Japanese Film Competition (Short Length)
<2019 / Japan / 36min>
The door opens and there stands an unknown man. This is the home of your ex-girlfriend. It is the abrupt arrival of an everyday hell.
Kenji gave up his dream of becoming an actor and now works part-time at an express carrier. He goes to pick up his belongings from the home of his ex-girlfriend Harumi with whom he lived for 3 years. Arriving earlier than the appointed time, Kenji must spend time alone with Harumi’s new boyfriend Yuji. The common topic of their conversation is naturally Harumi who comes home amid an uneasy atmosphere.
Director: Ryuya WAKABA
Cast: Ryusuke ITO, Sho YAKUMARU, Iku ARAI, Ritsu OTOMO, Ikuma NAGATOMO, Hideto NITTA, Gunma KURIO
< Commentary >
Actor Ryuya Wakaba directs this film shaped by the snappy conversational drama of two men’s trivial pride amid the 3-way relationship between a man and woman who recently broke up, and the woman’s new boyfriend. Wakaba’s broad acting ability, from the crazed murderer in The Katsuragi Murder Case (16) to the sensitive young man in Just Only Love (18), has helped establish his position in recent years as one of Japan cinema’s most gifted young actors. Possessing multi-faceted talents, he also actively directs films. Recently, his outburst of cricket chirping (18) was awarded best film at Kadoma International Film Festival 2018. Ryusuke Ito plays the miserable man whose dreams are smashed while also losing favor with his girlfriend. He appeared with Wakaba in the television drama “Gokusen.” Likewise the comicality of a man trying to maintain his self-respect as the new boyfriend, superbly expressed by Sho Yakumaru, who is broadening his base by appearing in the Korean film Moonlit Winter (19) among others, is worthy of note.
Director: Ryuya WAKABA
Stepping onto the stage for the first time in 1990 when he was a year and three months old at the public theater Wakaba Gekidan, Wakaba went on to win the Best New Actor Award at the 8th TAMA Film Awards for The Katsuragi Murder Case in 2016. Maintaining both his acting career while at the same time enthusiastically making films, his outburst of cricket chirping was awarded for best film at Kadoma International Film Festival 2018.
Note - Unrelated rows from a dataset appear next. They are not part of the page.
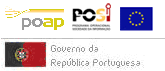 Logotipos de imagens: POAP (www.poap.pt), POSI (http://www.fct.mctes.pt/pt/programasinvestimento/posi/posifiles/posi.html), União Europeia (http://europa.eu/index_pt.htm) e Governo da Républica Portuguesa (www.portugal.gov.pt)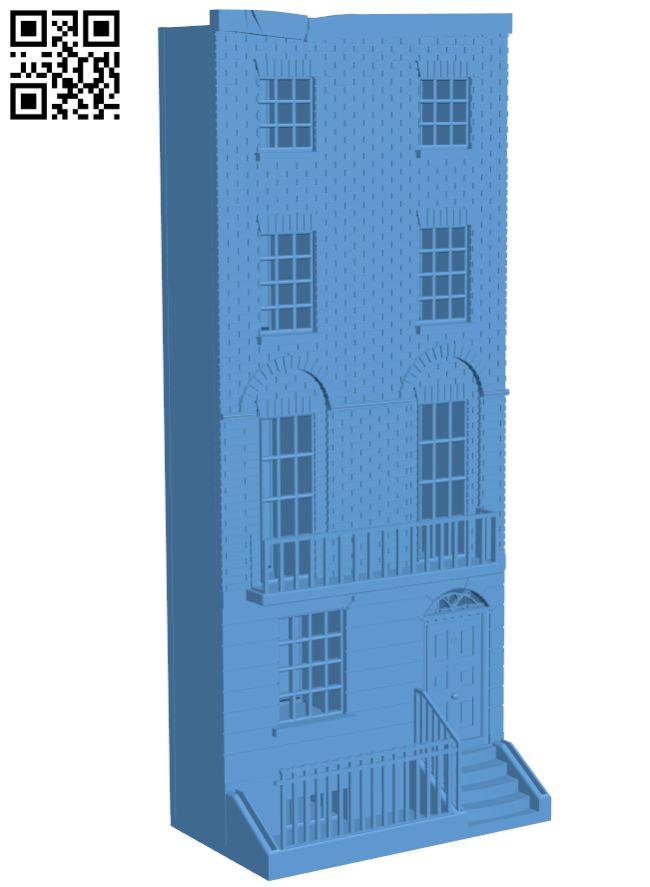 12 Grimmauld Place H008181 file stl free download 3D Model for CNC and 3d printer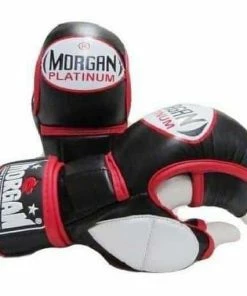 Morgan V2 Platinum Shuto MMA Leather Sparring Gloves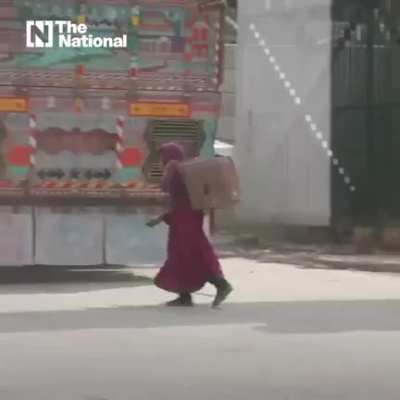 Afgan Children Hiding Under Trucks ?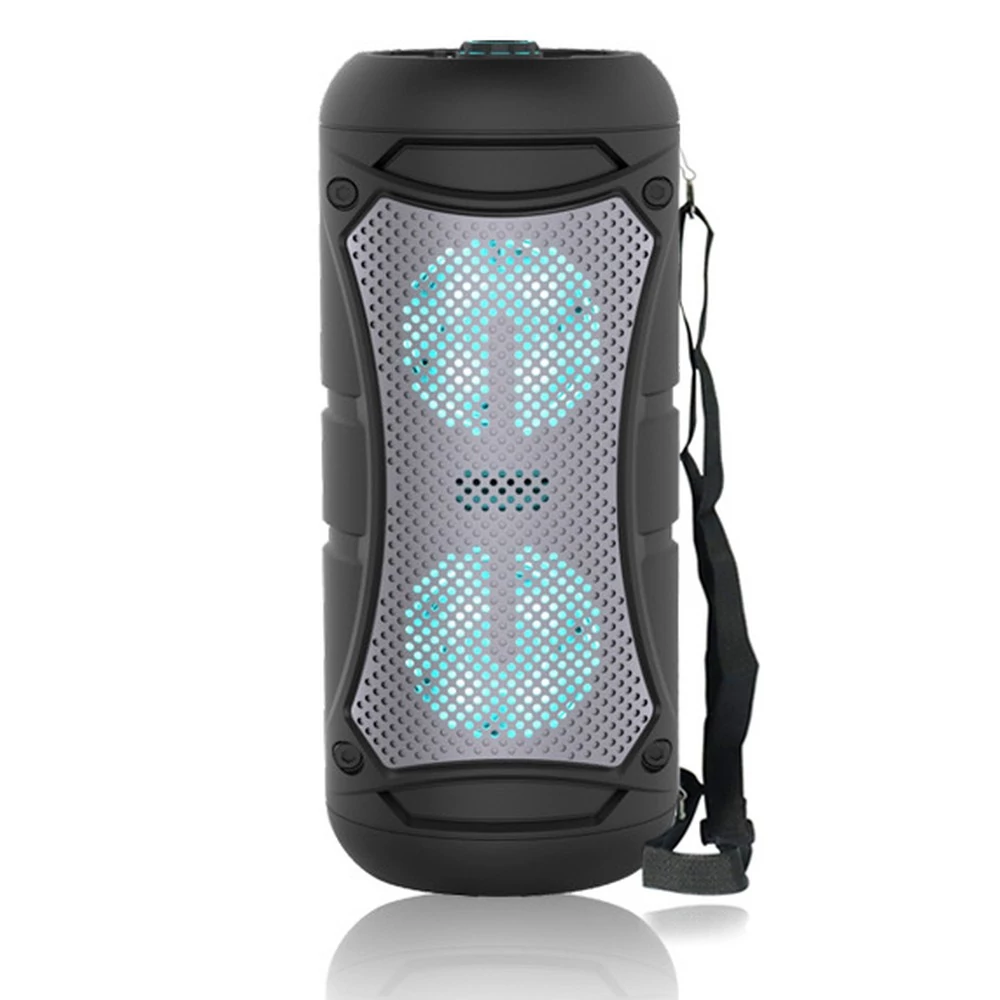 Super Bass Hordozható  Bluetooth hangszóró Ezüst 4219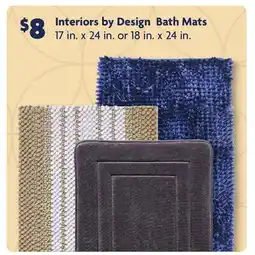 Family Dollar Interiors by Design Bath Mats offer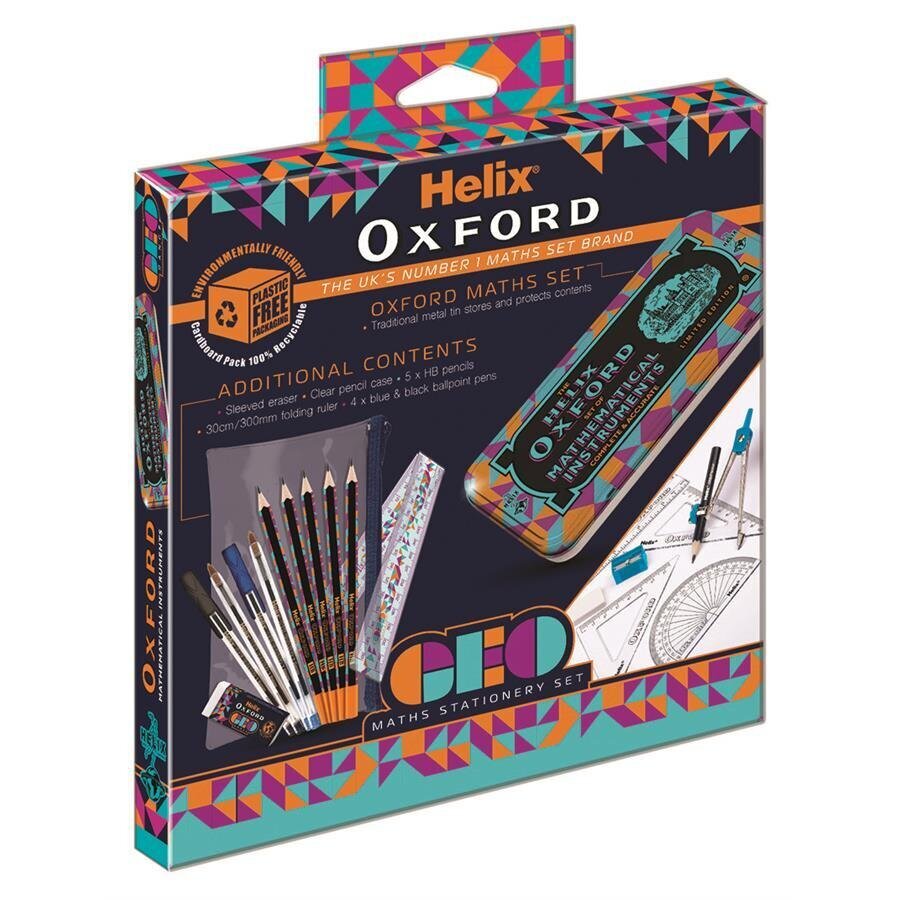 Buy Oxford Geo 23Piece Bulk Stationary Set Orange Avansas®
There is no eccentric direction. There is no artistic camerawork. A cute actress does not appear either. There are no explosions. Nobody dies. There are no youthful depictions of “screaming, weeping, running.” I’m already not of that age. Or how should I put it? I don’t have that kind of talent in the first place. Properly portraying the bare minimum of human relationships within trifling conversations is what I believe I can sketch. Without time for philosophizing, I strongly believe in the absolute truth among people who live sincerely.